Este padrão de ausências tem se repetido ano após ano, sinalizando que a "festa da democracia" ainda incomoda setores do Legislativo que dependem do apoio da base extremista. Em 2024, Arthur Lira e Rodrigo Pacheco já haviam aberto o precedente da falta. Agora, seus sucessores mantêm o roteiro, deixando o Executivo e o Judiciário isolados na tarefa de relembrar o trauma de 2023. A falta de manifestações oficiais ou atos próprios por parte da Câmara e do Senado sobre a data é o sintoma mais evidente de um Parlamento que evita o confronto direto com o bolsonarismo residual.

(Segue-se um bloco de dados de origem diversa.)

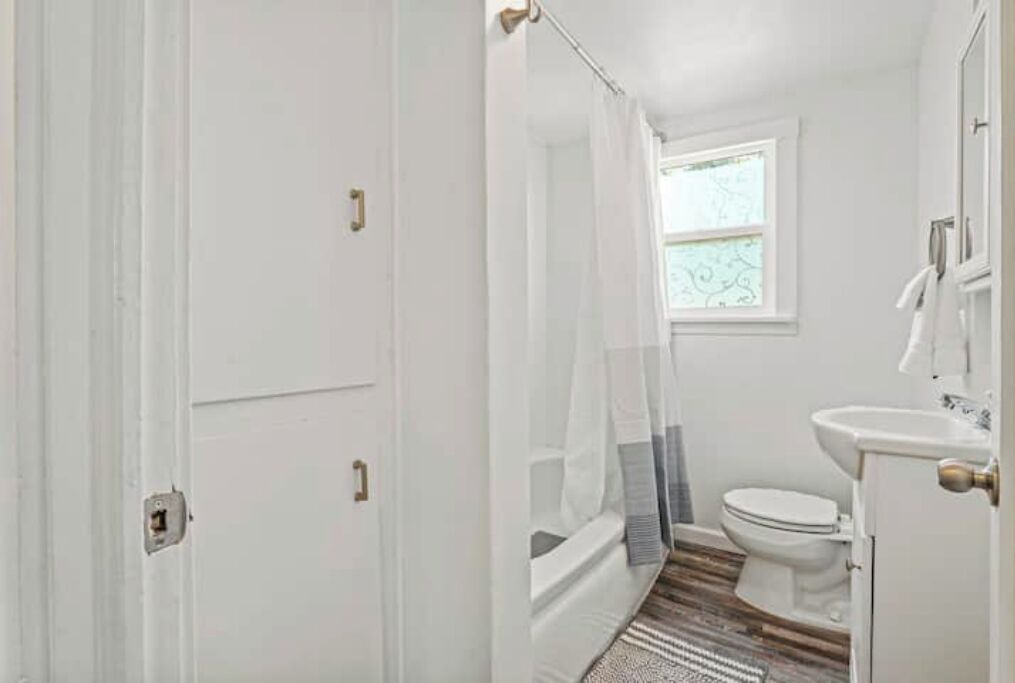 Photo of Bathroom in Friendly
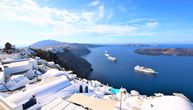 Grčko ostrvo na kojem fotografisanje košta čak 800 evra: "Fotografi rade i po 12 sati dnevno"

A cerimônia no Planalto, mesmo esvaziada pelas lideranças do Congresso, contará com a presença de movimentos sociais e ministros de Estado. O objetivo é reafirmar que a paz internacional e a integridade das instituições não são negociáveis sob a ótica da conveniência partidária. Para o governo, o ato é uma oportunidade de marcar posição contra qualquer tentativa de anistia disfarçada de revisão técnica de penas, mantendo o rigor contra os articuladores do golpe.